What is required
From the first line to the last, copy the material word for word; pictures stay out.

Material provided

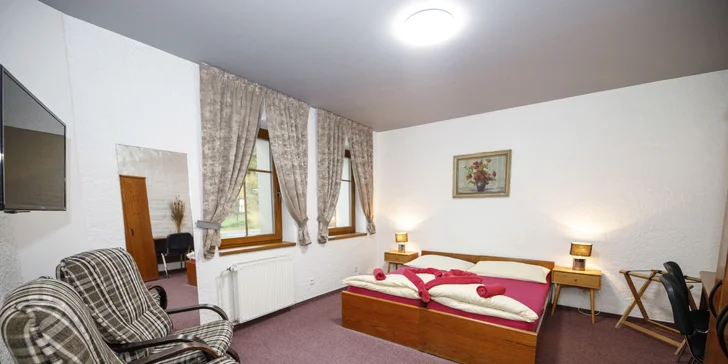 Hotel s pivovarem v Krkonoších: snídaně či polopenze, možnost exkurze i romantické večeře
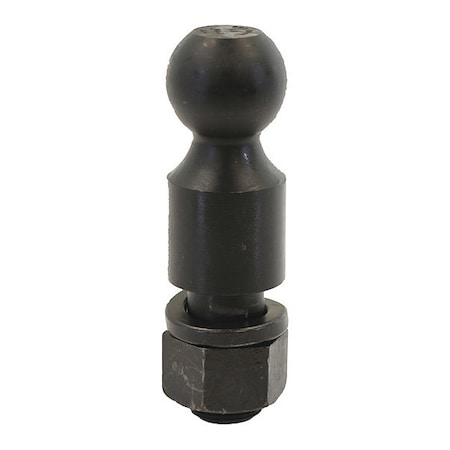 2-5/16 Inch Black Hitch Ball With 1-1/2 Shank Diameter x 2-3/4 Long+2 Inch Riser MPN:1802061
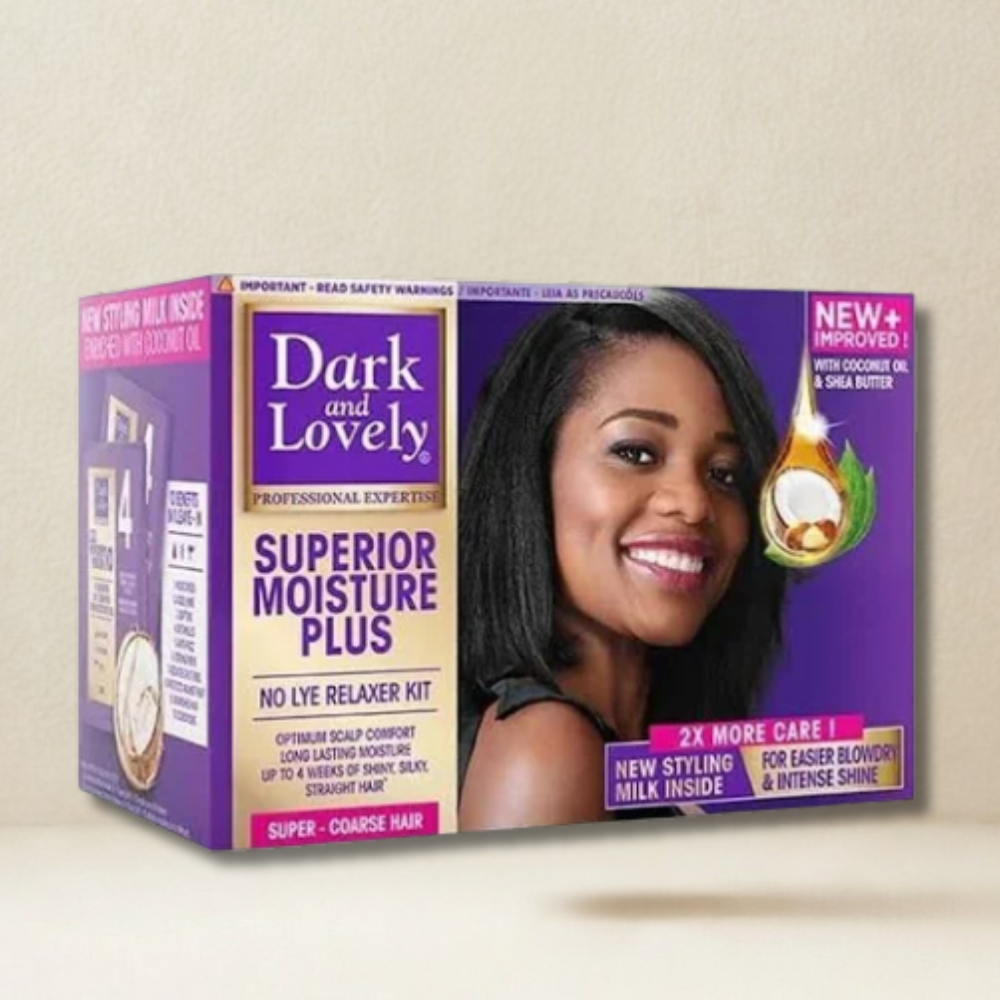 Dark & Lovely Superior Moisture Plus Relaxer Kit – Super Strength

Response for this exercise
 Hotel s pivovarem v Krkonoších: snídaně či polopenze, možnost exkurze i romantické večeře
 2-5/16 Inch Black Hitch Ball With 1-1/2 Shank Diameter x 2-3/4 Long+2 Inch Riser MPN:1802061
 Dark & Lovely Superior Moisture Plus Relaxer Kit – Super Strength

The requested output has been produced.